What to do:
Nothing after the line with "It's time to" belongs in the copy; extract the lines below from the top through that line, pictures left out.

Data excerpt:
╭──
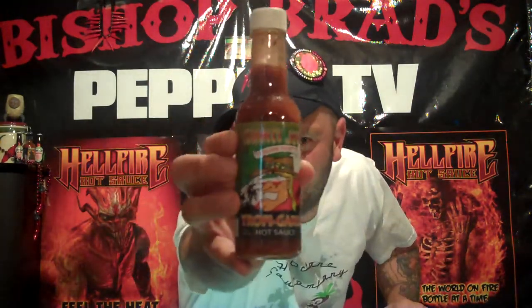Y'all ever had Italian heat? Mr. Tahiti Joe's Tropa garlic hot sauce. Tropa garlic, baby. Tropa garlic Italian heat.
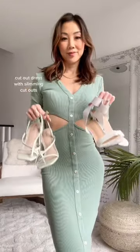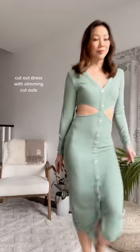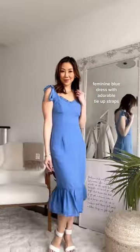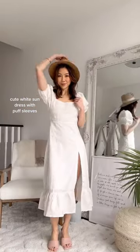It's time to switch up my wardrobe from spring and I have three new dresses from Riera's. Starting with this chic green dress with strategically placed cutouts, to an adorable blue dress with tie-up straps, and finally this little white dress with irresistible puff sleeves. Which one catches your eye?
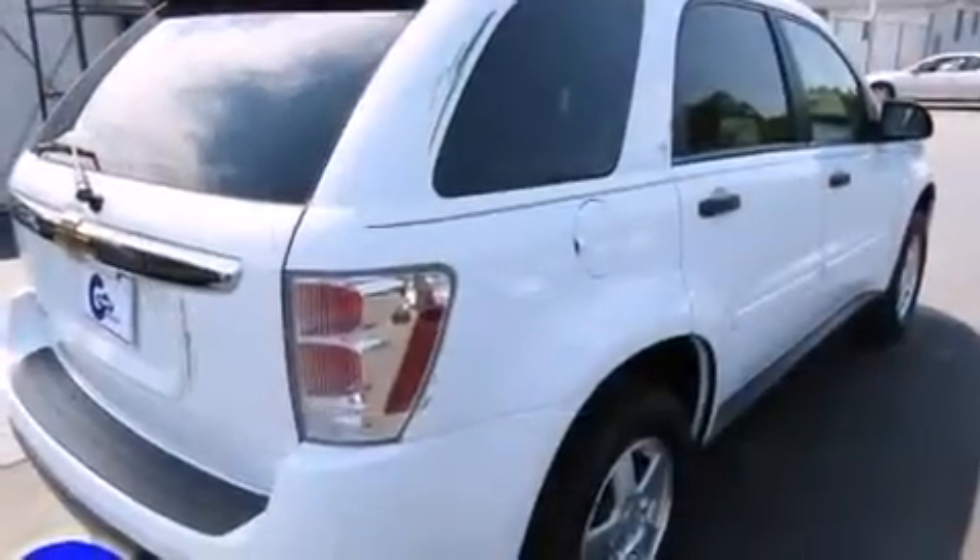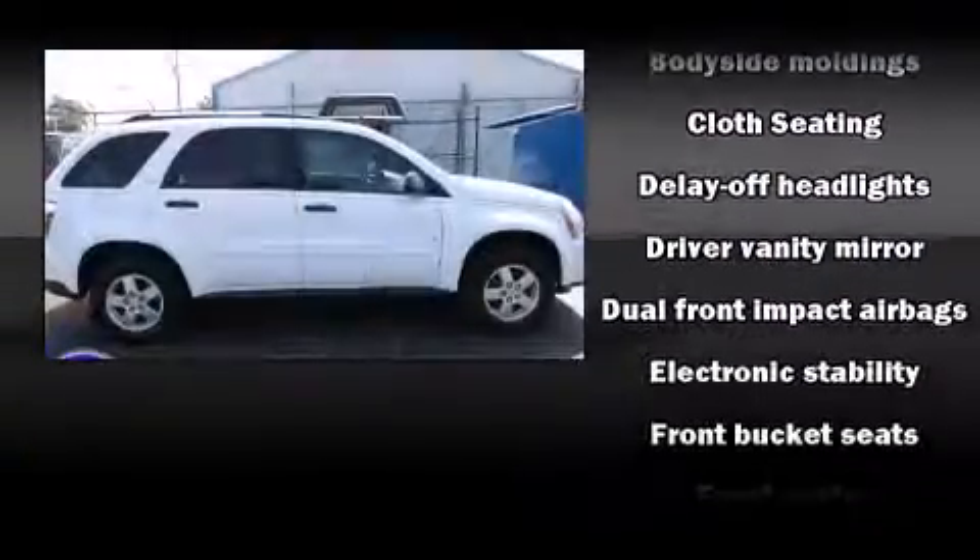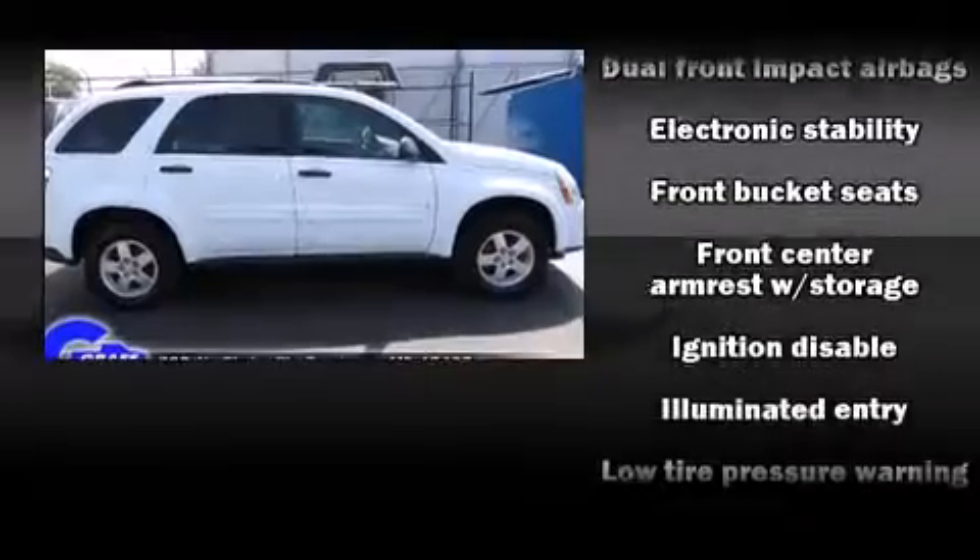You and your passengers will enjoy the stereo system, which includes a CD player with AM-FM radio and six speakers enhancing the audio experience throughout the interior.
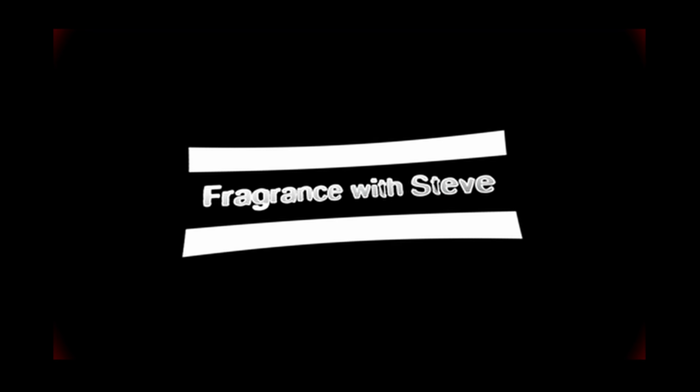Hello everyone, my name is Steven and thank you so much for tuning into my channel Fragrance with Steve. If you haven't subscribed already please consider subscribing, and don't forget to hit the bell notification so you will be updated on new videos. In today's video I have the overview of the fragrances I have been wearing last week.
╰──
Answer below:
Y'all ever had Italian heat? Mr. Tahiti Joe's Tropa garlic hot sauce. Tropa garlic, baby. Tropa garlic Italian heat.
It's time to switch up my wardrobe from spring and I have three new dresses from Riera's. Starting with this chic green dress with strategically placed cutouts, to an adorable blue dress with tie-up straps, and finally this little white dress with irresistible puff sleeves. Which one catches your eye?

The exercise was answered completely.